Анатолий неожиданно щелкнул племянника по лбу и сказал:
— На сегодня довольно!
— Так ведь суббота же! — взмолился мальчик. — Завтра можно подольше поспать.
— А кто обещал нарубить в воскресенье дров на целую неделю? Или опять на мать эту заботу свалите?
— Дров я нарублю, день-то большой.
— Знаю я тебя! Полдня клюшкой лупить по снегу будешь, как в прошлое воскресенье, да еще и уроки надо сделать. Нет, хватит, молодой человек, готовься ко сну.
Грише готовиться ко сну не было надобности — он ткнулся головой в подушку и мгновенно заснул.
Глава шестая. «А во́ды уж весной шумят…» (из дневника Гриши Челнокова)

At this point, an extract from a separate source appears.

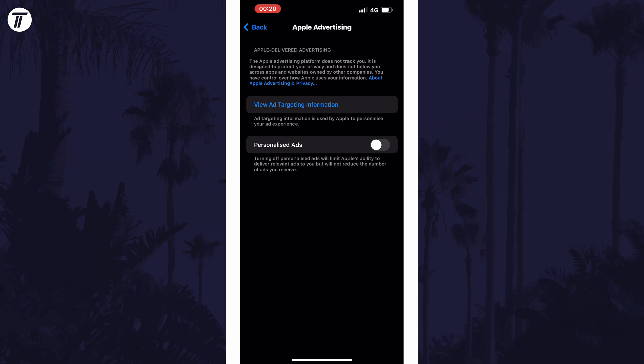On this page, you can now use the toggle switch to disable personalised ads if they were turned on. And so that is how to turn off personalised ads on an iPhone or iPad in iOS.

13 марта. «Еще в полях белеет снег, а во́ды уж весной шумят…»
Иван Фомич не задавал учить наизусть это стихотворение Тютчева, а я его два раза прочитал и запомнил. У меня особенная память на стихи, совсем не такая, как на арифметику. То ли потому, что я стихи ужасно люблю, а арифметику не очень?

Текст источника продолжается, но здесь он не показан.